Ей открыли дорогу только к переводам или тщательно отобранным редакторами отрывкам из ее новых стихов. Так, стихотворение из пяти строф превращалось в восьмистишие, вырванное из середины, в другом — из пяти строф выброшены две средних и т. п. А записные книжки безрезультатно заполнялись планами будущих книг — поэтических сборников и мемуарных, большими кусками незавершенных исследовательских работ о Пушкине.

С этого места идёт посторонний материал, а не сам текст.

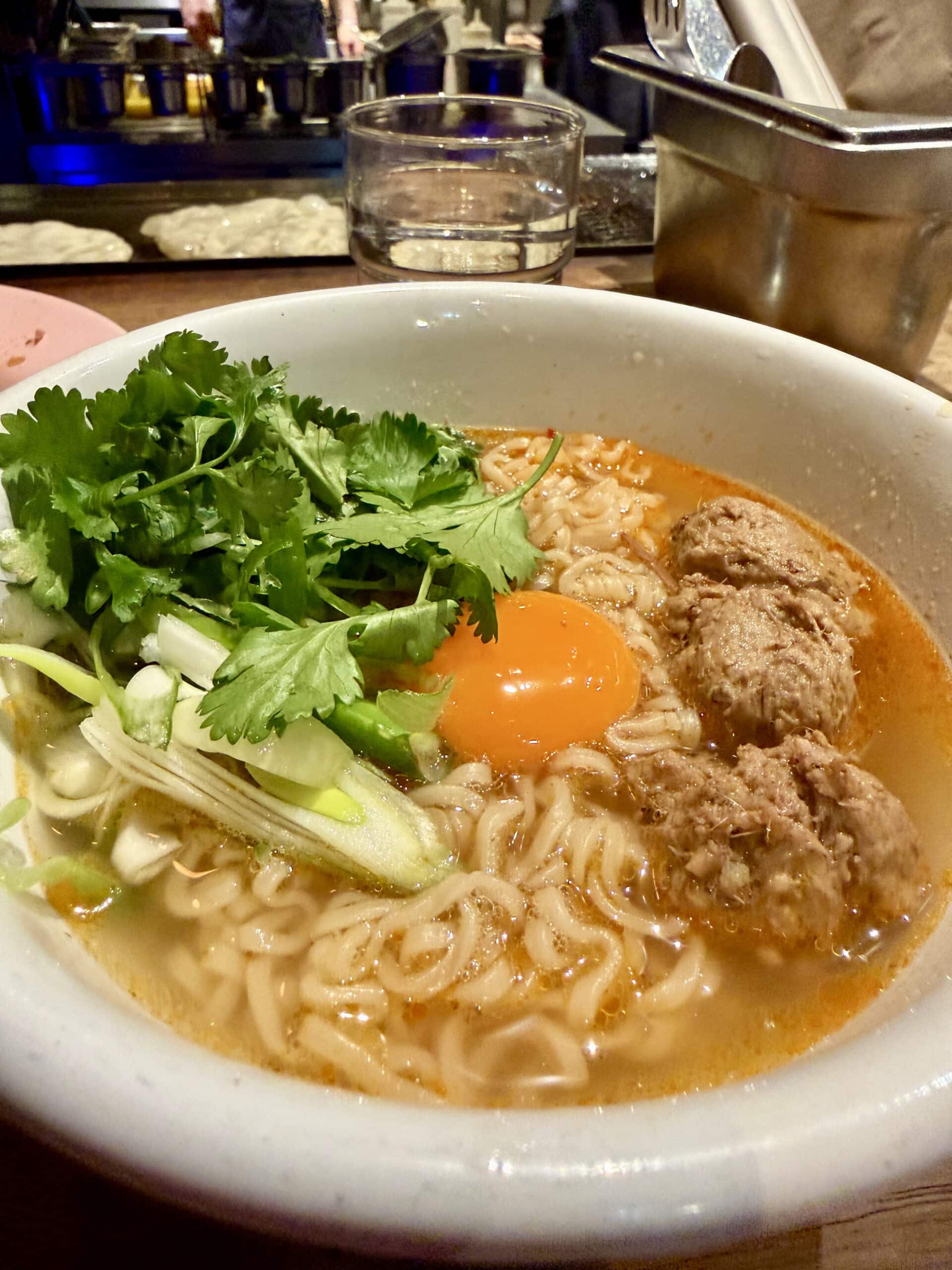Thai food from the Smoking Goat, noodles with fresh egg yolk and greens.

Кто же ей-то не давал черпать силу и реализовывать свои громадные планы вдали от беспокойств, причиняемых славой и писательской суетой?
Во времена гонений, «лишив возможности заниматься писательским трудом», Ахматову замучили предложениями то тех, то этих переводов.

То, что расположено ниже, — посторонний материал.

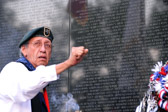 A member of the Black Creek Gourd Society of the Navajo Nation doing a prayer and honoring ceremony. The society has returned to the Wall each Memorial for 4 years to conduct a “Honoring Dance”.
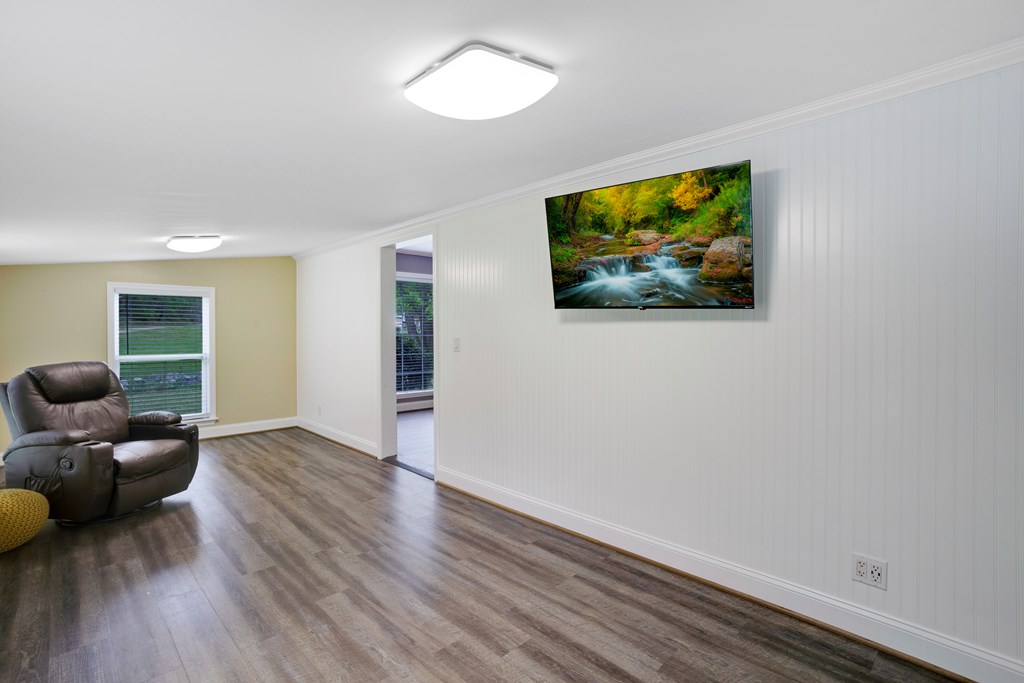 6491 Crooked Creek Road Young Harris, GA 30582 - Photo 36 of 59 a living room with furniture and a flat screen tv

Когда же предложат Ахматову?
А как насчет того, чтобы написать без предложения — так сказать, просто по порыву вдохновения? Или — никак без договора?

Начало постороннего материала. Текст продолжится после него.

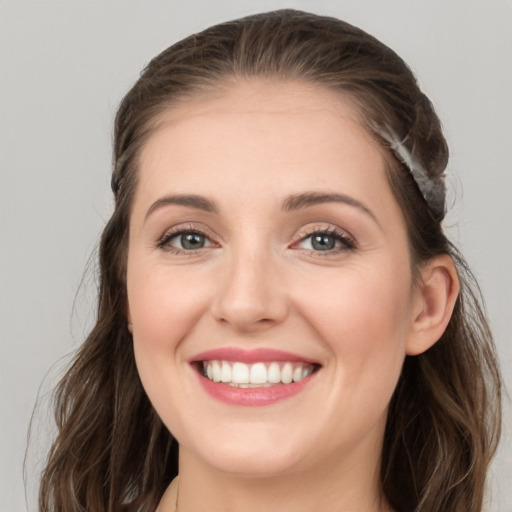 Joyful white young-adult female with long  brown hair and grey eyes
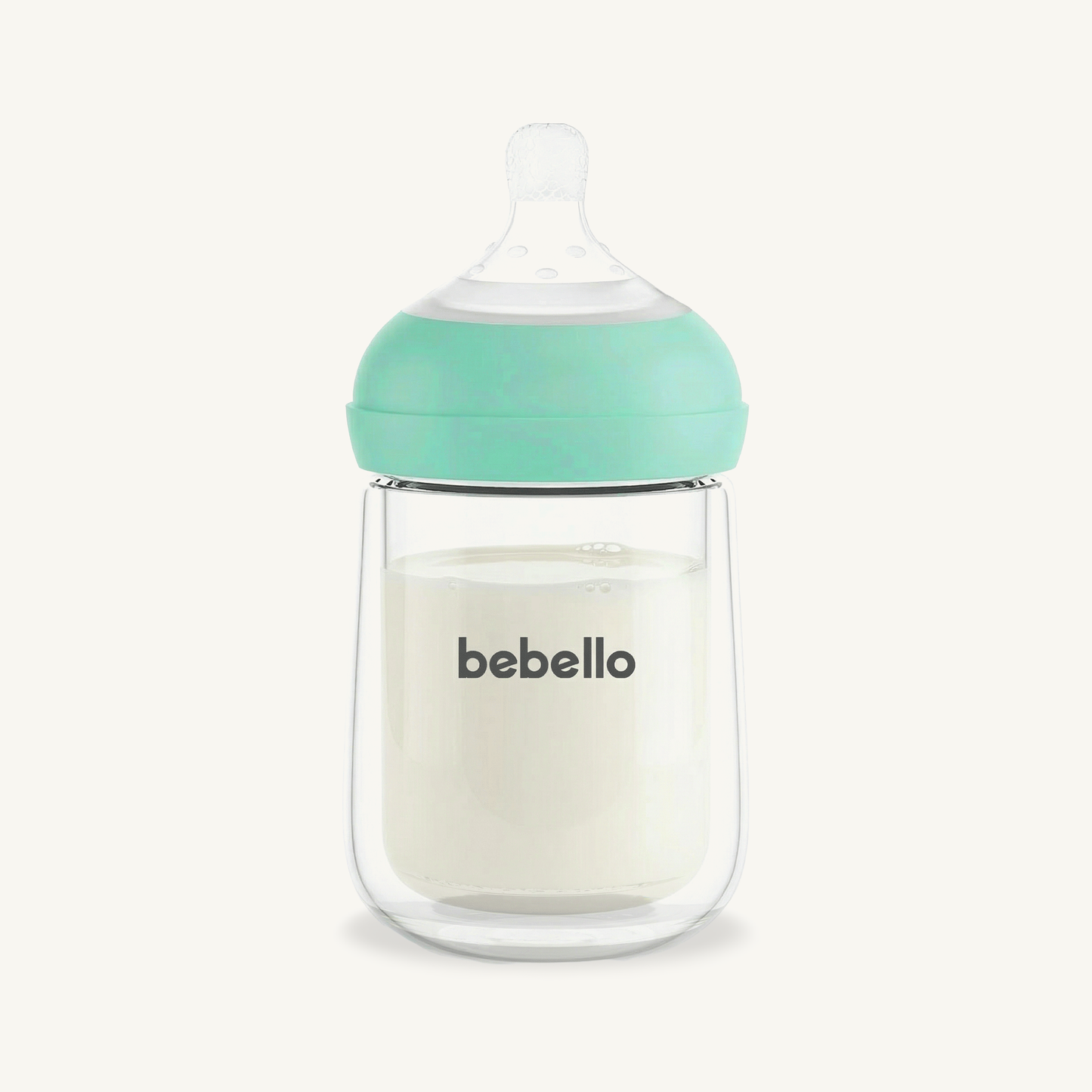 Bebello baby bottle with a green cap on a white background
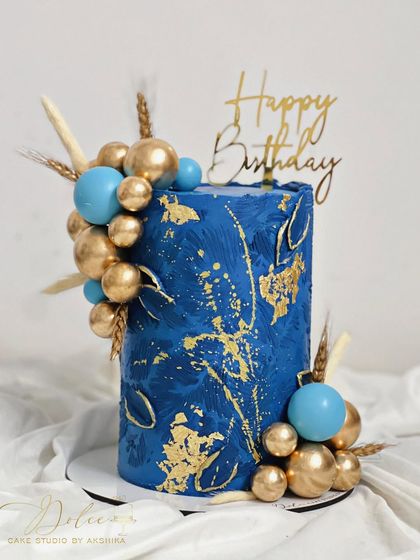 A tall, elegant chocolate ganache cake in a deep royal blue. The abstract gold leaf and texture, combined with a cluster of blue and gold spheres, create a luxurious look.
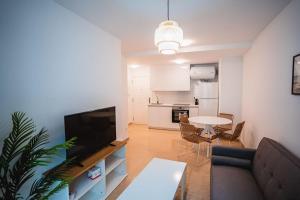 a living room with a couch and a table at Ondas do Mar Boutique Stays - Portonovo 3 in Portonovo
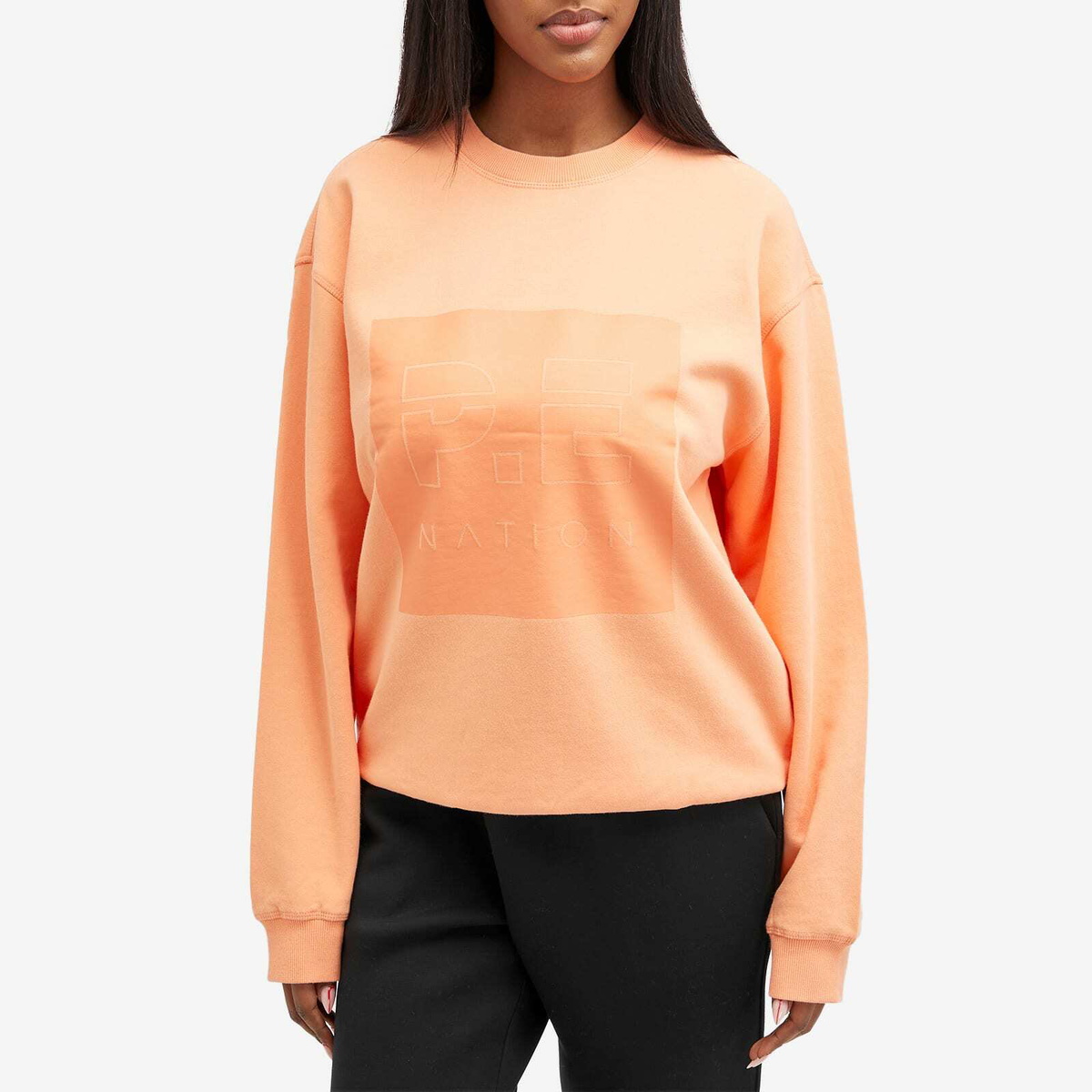 P.E Nation Women's Cut Shot Crew Sweat in Cantaloupe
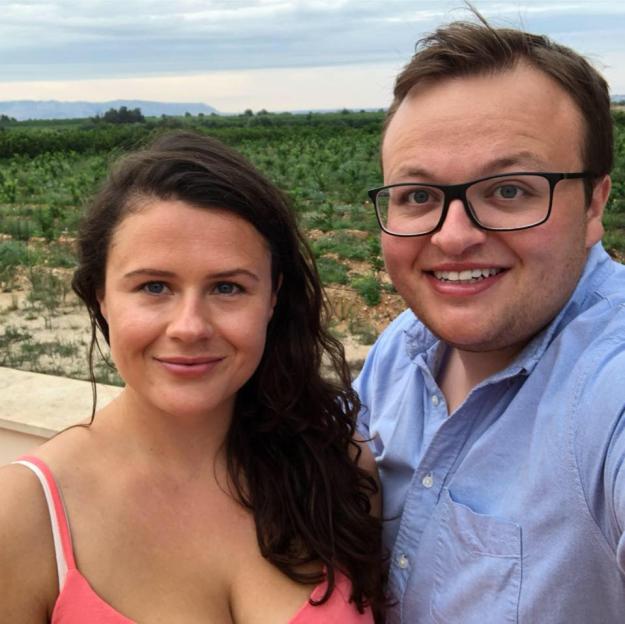 David Taylor and Joani Reid smiling for a selfie.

И тут я спросила: «А вы сейчас пишете свое?» Я еще не успела окончить фразу, как мне стало стыдно за свою жестокость и глупость. Но Анна Андреевна ответила спокойно, с достоинством: «Конечно, нет. Переводы не дают. Лежишь и прикидываешь варианты… Какие стихи, что вы!»
Оказывается, планов — громадье.
…Там вздумали уничтожать старые деревянные церкви — чуть ли не сотню церквей! Об этом написал Паустовскому кто-то из Ленинграда, прося заступы. Прислали длинное письмо: история этих церквей, их фотографии. Паустовский все еще в Доме творчества, сильно хворает. Я навещала его, а он поручил мне попросить Корнея Ивановича зайти: хочет вместе обратиться «наверх». — «Я уже давно собираюсь написать «Реквием» по распятым церквям», — сказала Анна Андреевна. Помолчали. Она что-то шептала про себя — не знаю, стихи или молитву. Думаю, молитву.
Немного похоже на пародию — мгновенная находчивость в ответ на услышанную новость: «Вы мне о готовящемся письме или уж не знаю о каком писке, а я вам скорбно и эпически: давно, мол, собираюсь написать реквием по — пользуйтесь журналистским словцом! — распятым церквям»…
Ну а вопрос о содержании шепота уж совсем излишен. Конечно, молилась. Как же не молиться Ахматовой-то?
Бродский: Анна Андреевна ведь еще и пьесу написала, судя по всему, замечательную вещь. По- видимому, она ее сожгла. Как-то раз она при мне вспоминала начало первой сцены: на сцене еще никого нет, но стоит стол для заседаний, накрытый красным сукном. Входит служитель, или я уж не знаю, кто, и вешает портрет Сталина, как Ахматова говорила, «на муху».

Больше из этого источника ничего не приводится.